Como vocês já sabem, sou um velho professor de geografia. Estudar os mais importantes conflitos mundiais faz parte do meu ofício. Já escrevi capítulos de livros didáticos sobre o conflito árabe-israelense. Mas eu não me sinto no direito de escrever uma crônica da guerra. Nunca estive numa guerra. Por mais que me esforce para compreender o horror do Holocausto, não posso sentir tamanha dor que carregam os sobreviventes dos campos de concentração. Mas também a brutal violência cometida todos os dias contra os palestinos. Pensando na minha incompetência, reli um clássico nesta matéria: Crônicas da Guerra na Itália, escrita por um dos maiores cronistas brasileiros, Rubem Braga. A obra reúne crônicas de Rubem Braga para o Diário Carioca durante a Segunda Guerra Mundial. Imperdível!

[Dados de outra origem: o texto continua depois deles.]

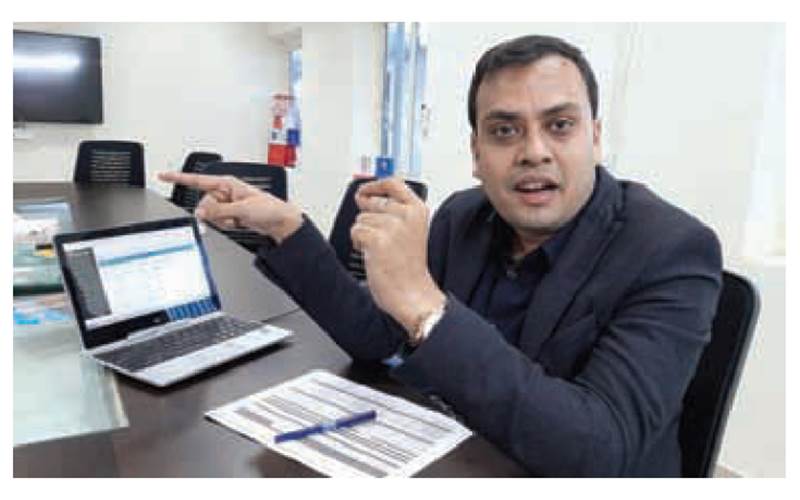 How to build a packaging company in Rajasthan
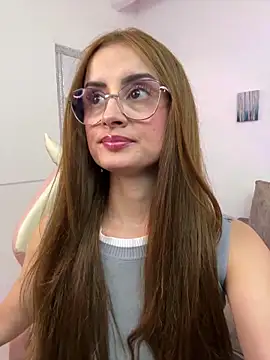 MiaaLoren online show from January 2026 07:12:01 PM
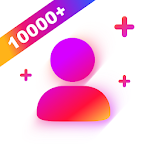 Get Real Followers For Instagram hashtag# Apk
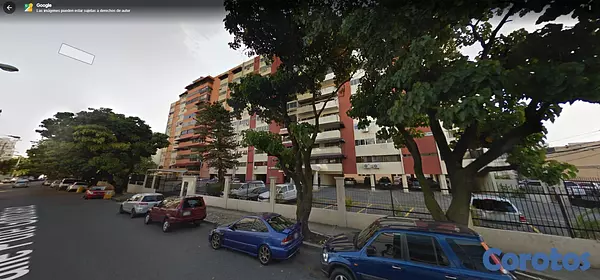 apartamentos - Apartamento en naco para reformar 200m2 2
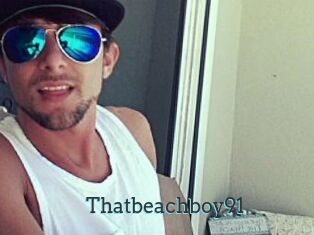 Thatbeachboy91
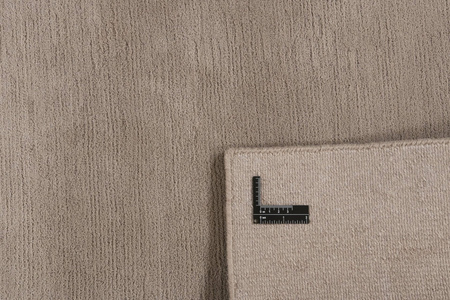 Rezas Northern Light Wool Oyster Carpet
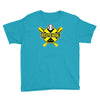 apocalypse baseball Youth Tee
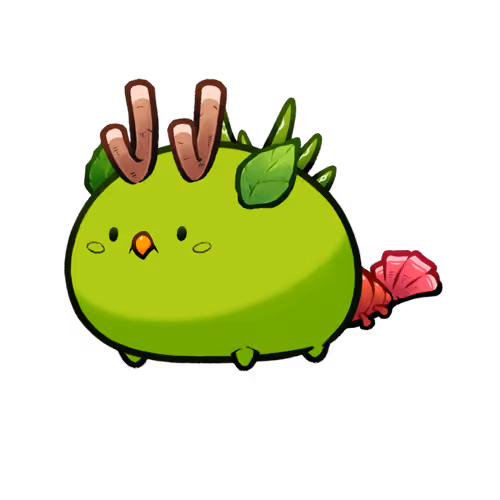 Axie #11856111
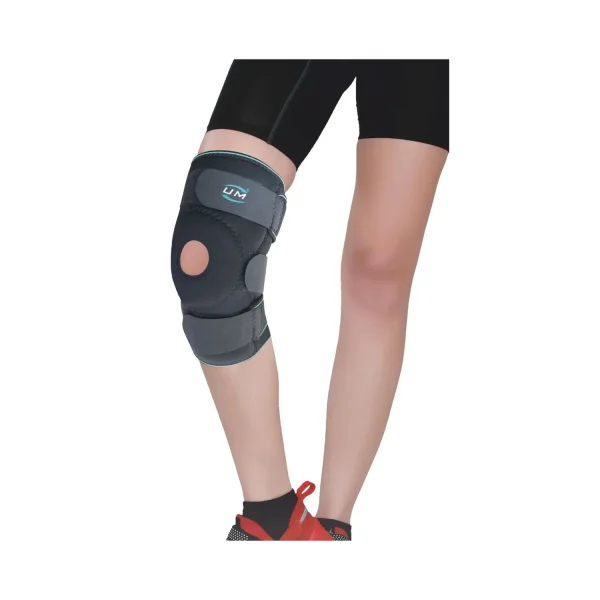 United Medicare Knee Hinge Support Metal Joint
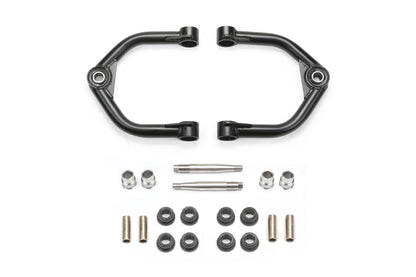 Fabtech Uniball Control Arms 0-6in 2017 Titan XD FTS25013 Photo - Primary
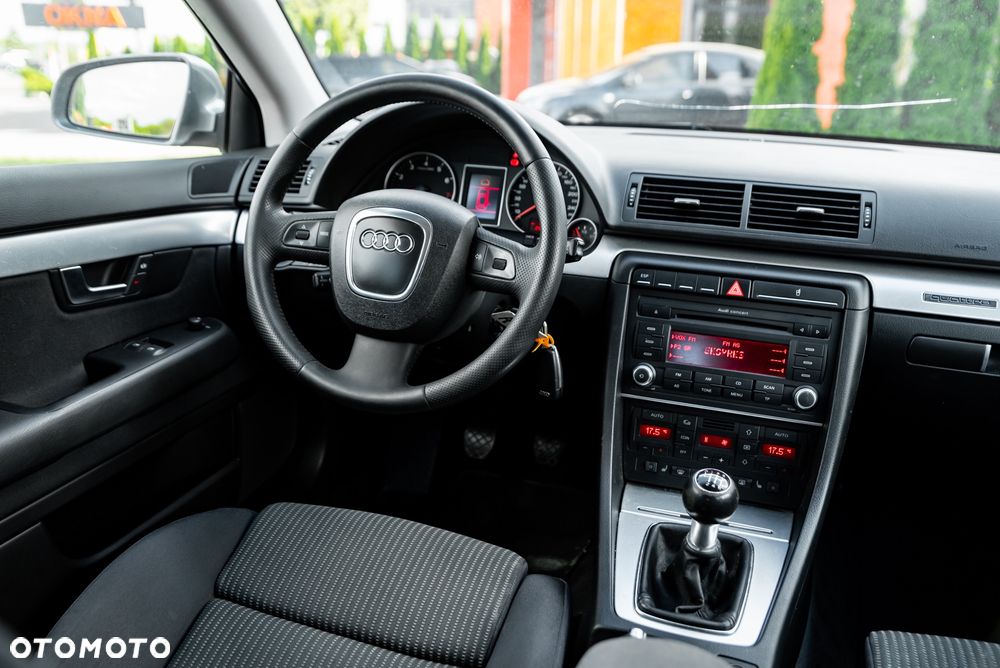 Audi A4 - 28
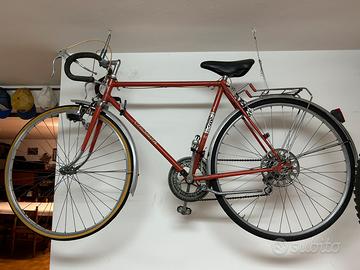 Bicicletta da corsa vintage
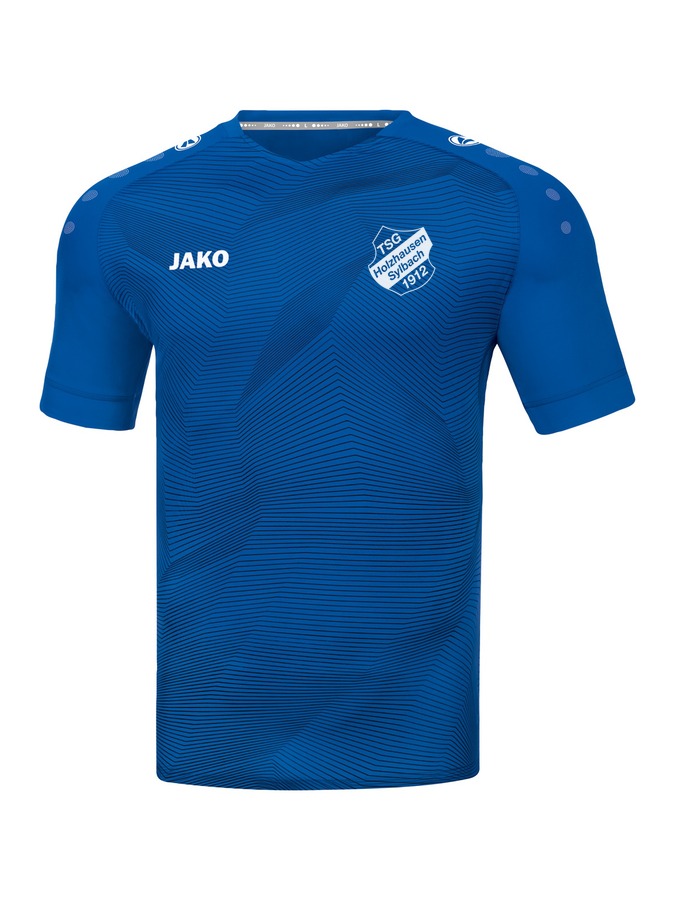 Jako Trikot Premium Kurzarm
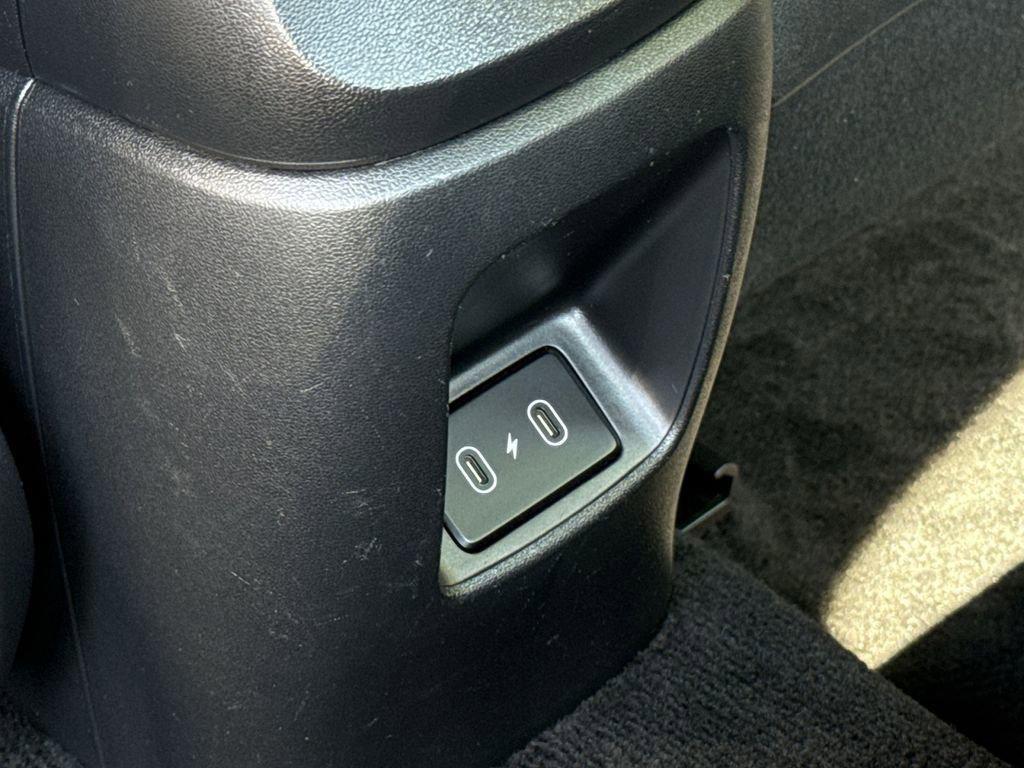 used 2025 Hyundai Elantra car, priced at $17,995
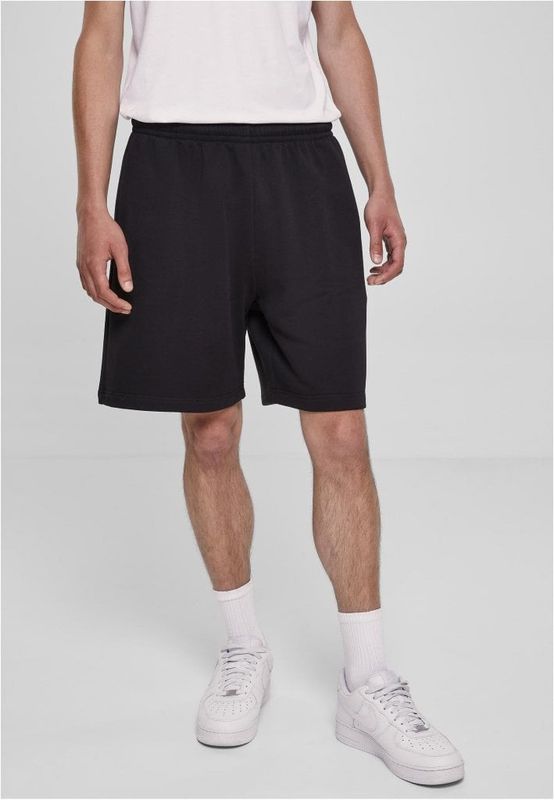 Men's wide soft shorts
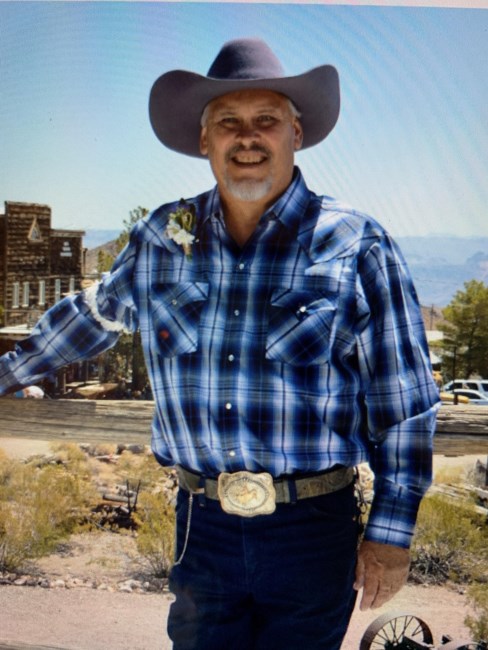 Obituary of Edward Allen Poole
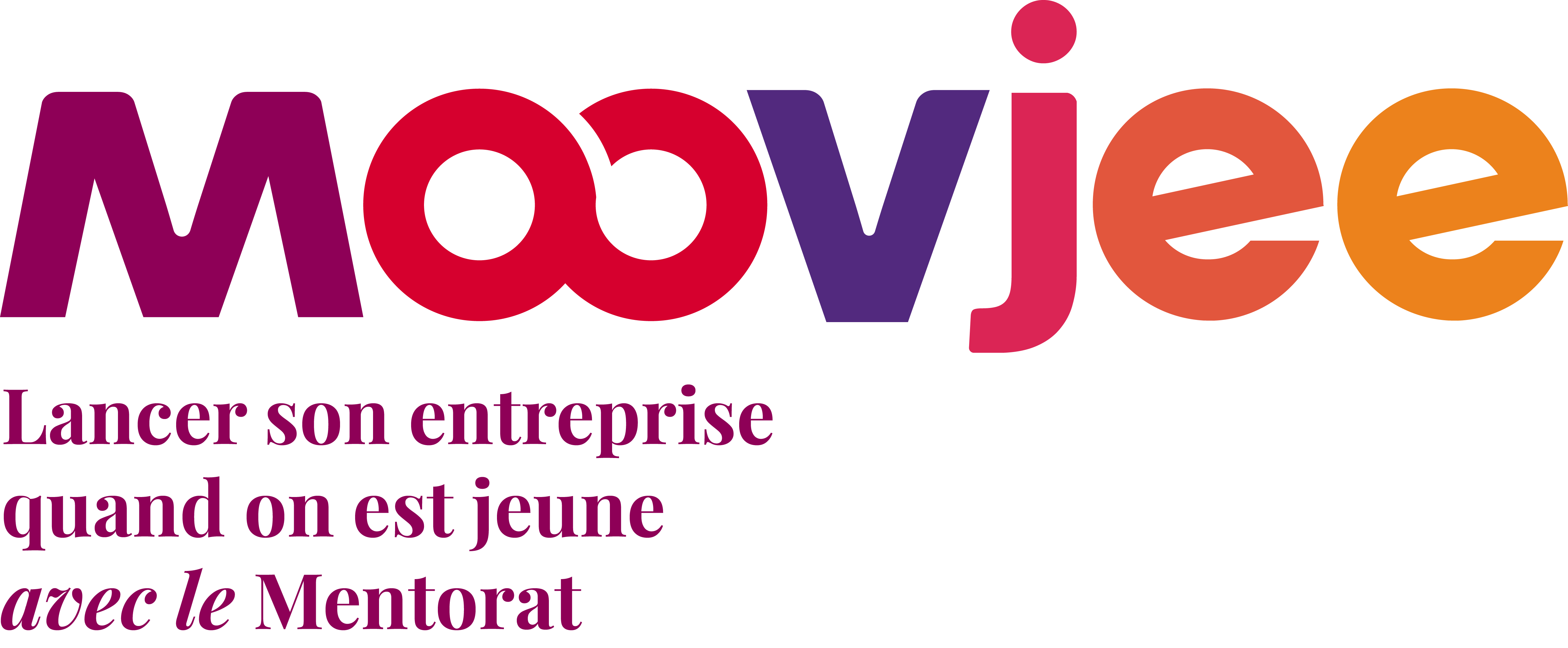 Logo Moovjee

Bem, para complicar a situação nos dias atuais, o acesso às informações tornou-se muito mais difícil no mundo das bolhas virtuais e de outra guerra permanente, aquela que realmente afeta qualquer um de nós diretamente: a guerra das narrativas, permeada de bombardeios de “fake news” e disputas ideológicas das mais mesquinhas. Parece até que a Guerra da Ucrânia não existe mais, não é mesmo? Ou que os 200 israelenses sequestrados fossem nossos parentes próximos, a quem derramamos nossas lágrimas, tornando justificável o massacre brutal das forças militares de Israel na Faixa de Gaza. Pouco importa como as crianças são usadas por Israel e Hamas. Pouco importa os problemas que as guerras sempre trouxeram e ainda trazem para as crianças: a perda do lar, de familiares, a necessidade de viver em campos de refugiados, a má alimentação e outras formas de violência.
Infelizmente, a Guerra Israel-Hamas já é a mais mortal dos últimos 30 anos. Para os enviados das agências de notícia também. Segundo a organização internacional CPJ (Comitê para a Proteção de Jornalistas), nos últimos 20 dias, foram mortos 29 profissionais da imprensa. São 24 palestinos, quatro israelenses e um libanês mortos até agora. Os serviços de telefonia e internet pararam de funcionar nesta semana. Ficou muito mais difícil encontrar notícias seguras... Opa, agora eu quase perdi o que estava escrevendo com a tempestade que caiu por aqui. Os estragos foram muitos. Árvores e postes caídos, corte de energia, casas destelhadas. Mas me senti ridículo com o medo da tempestade diante do terror da chuva de bombas que está caindo lá no outro lado do mundo. Talvez para conforto meu, termino a crônica cercado por uma chuva bem fina e permanente. Deve ser a mãe natureza tentando lavar as nossas feridas.